Nemotron Hinglish 4B Thinking Tool Use
A fine-tuned version of NVIDIA's Nemotron-4-Mini-Hindi-4B-Instruct model for function calling and reasoning in Hindi and Hinglish (Hindi-English code-mixed language).
Model Details
- Base Model: nvidia/Nemotron-4-Mini-Hindi-4B-Instruct
- Fine-tuning Method: LoRA (Low-Rank Adaptation)
- Languages: Hindi, Hinglish
- Capabilities: Function calling, reasoning, conversational AI
Installation
pip install torch transformers peft datasets huggingface_hub
Usage
Loading the Model
from peft import PeftModel, PeftConfig
from transformers import AutoModelForCausalLM, AutoTokenizer, BitsAndBytesConfig
import torch
# Configuration for 4-bit quantization (optional, for memory efficiency)
bnb_config = BitsAndBytesConfig(
load_in_4bit=True,
bnb_4bit_quant_type="nf4",
bnb_4bit_compute_dtype=torch.bfloat16,
bnb_4bit_use_double_quant=True,
)
# Load the model
peft_model_id = "ankitdhiman/nemotron-hinglish-4b-thinking-tool-use"
device = "auto"
# Load configuration and base model
config = PeftConfig.from_pretrained(peft_model_id)
model = AutoModelForCausalLM.from_pretrained(
config.base_model_name_or_path,
device_map=device,
# quantization_config=bnb_config, # Optional: add for 4-bit quantization
)
# Load tokenizer and resize embeddings
tokenizer = AutoTokenizer.from_pretrained(peft_model_id)

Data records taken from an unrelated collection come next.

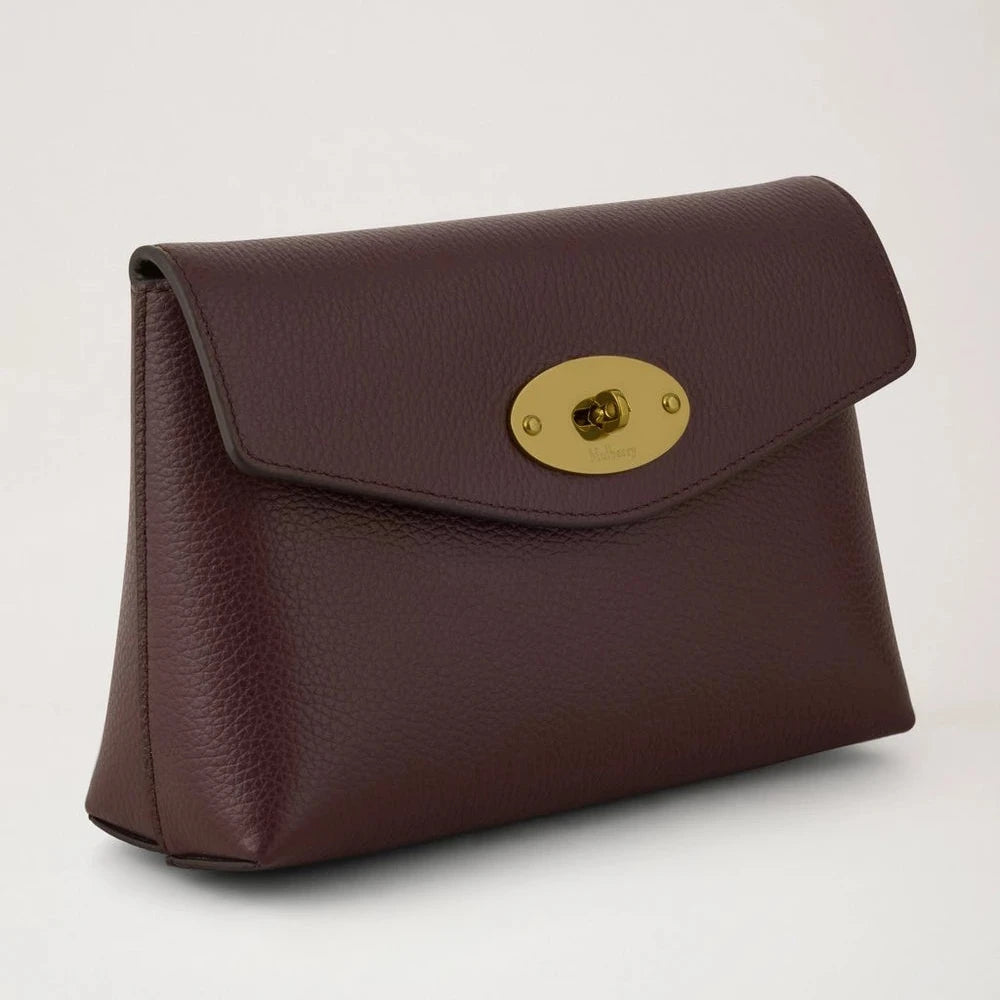 Mulberry Darley Cosmetic Pouch Oxblood Small Classic Grain – product image 2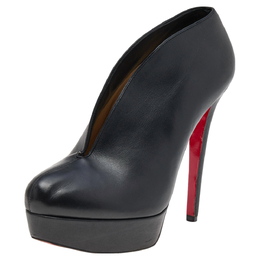 Christian Louboutin: Чёрные ботинки 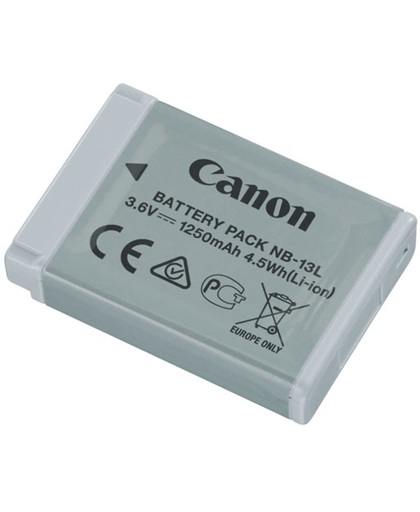 Canon NB-13L Lithium-Ion 1250mAh 3.6V oplaadbare batterij/accu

model.resize_token_embeddings(len(tokenizer))
# Load LoRA adapter
model = PeftModel.from_pretrained(model, peft_model_id)
model.to(torch.bfloat16)
model.eval()
Basic Conversation
def generate_response(prompt, max_new_tokens=200):
"""Generate response for a given prompt"""
# Tokenize the prompt directly (model uses special tokens format)
inputs = tokenizer(prompt, return_tensors="pt", add_special_tokens=False)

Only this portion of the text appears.